§ **WHAT THE TASK REQUIRES**
Once you reach the line with "A modern kitchen", copy it and every line after it exactly, up to the end of the data. Omit the pictures.
Segment Start: INFORMATION GIVEN
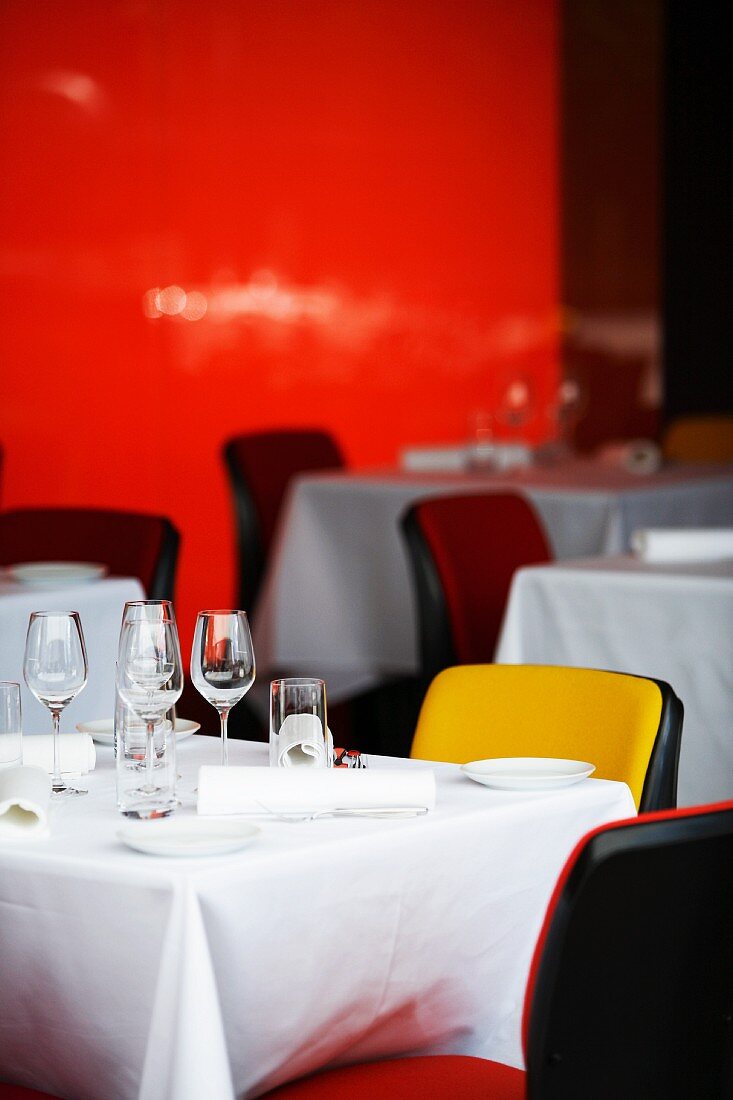Gedeckte Restauranttische mit farbenfrohen Stühlen vor einer roten Wand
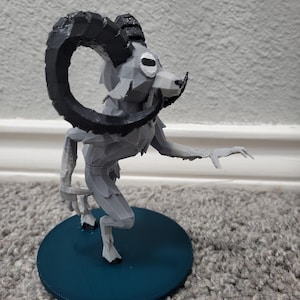 Op de afbeelding: Een grijze, 3D-geprinte figuur van een mythisch wezen met een rammenkop en grote, gebogen zwarte hoorns. De figuur staat op een teal-kleurige, cirkelvormige basis, met een uitgestrekte arm.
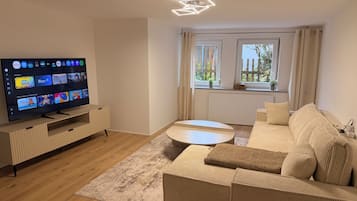 A modern living room with a flat-screen TV, a sofa, a coffee table, and a window with curtains.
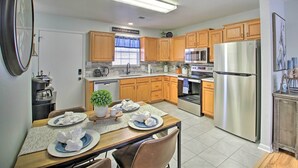 A modern kitchen with wooden cabinets, stainless steel appliances, and a dining area with a table set for four.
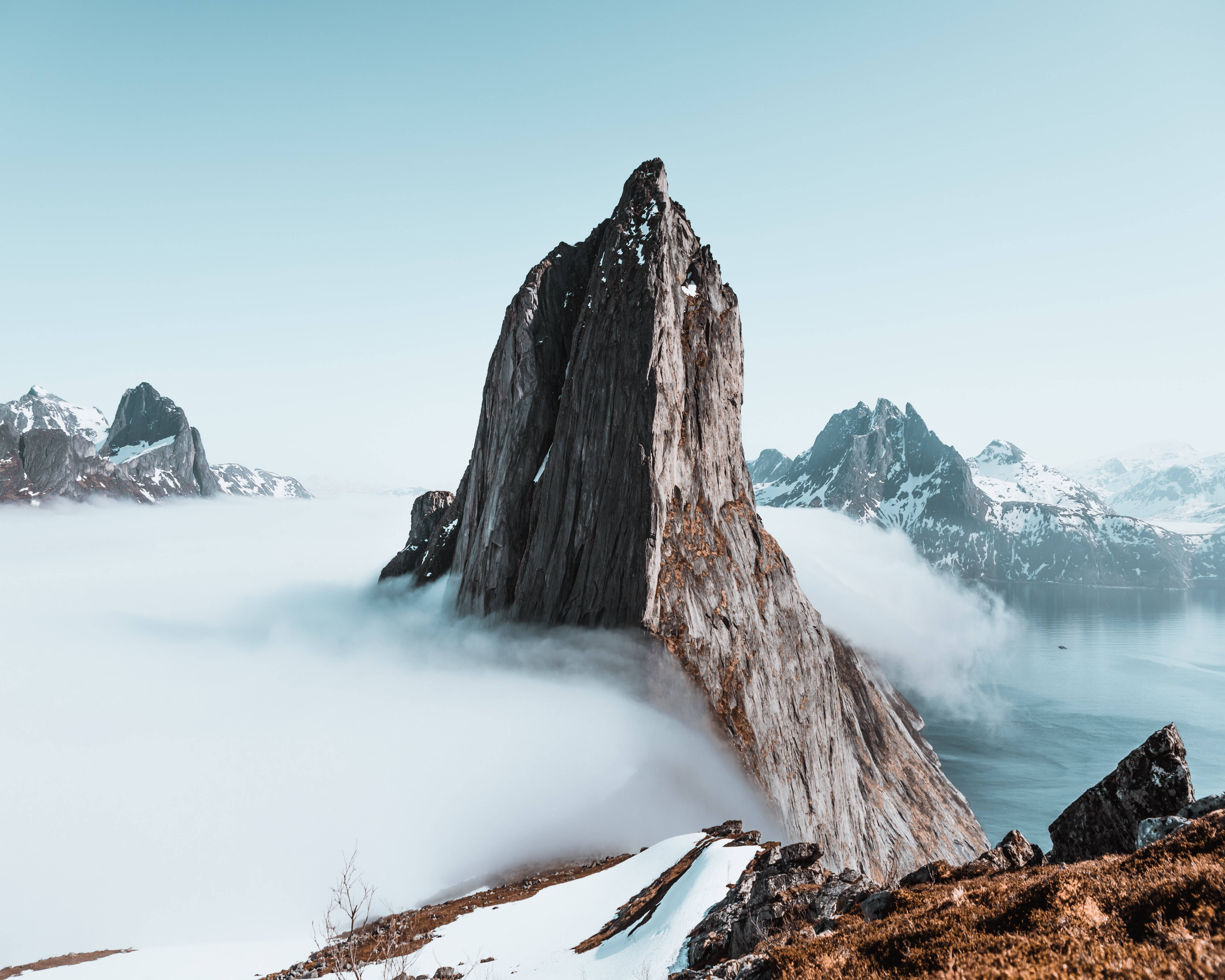 雲朵 桌布 壁紙 — 一座高聳的岩石山峰穿過雲海，遠處有積雪的山峰和寧靜的水面。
Segment End: INFORMATION GIVEN
§ **OUTPUT FOR THIS EXERCISE**
 A modern kitchen with wooden cabinets, stainless steel appliances, and a dining area with a table set for four.
 雲朵 桌布 壁紙 — 一座高聳的岩石山峰穿過雲海，遠處有積雪的山峰和寧靜的水面。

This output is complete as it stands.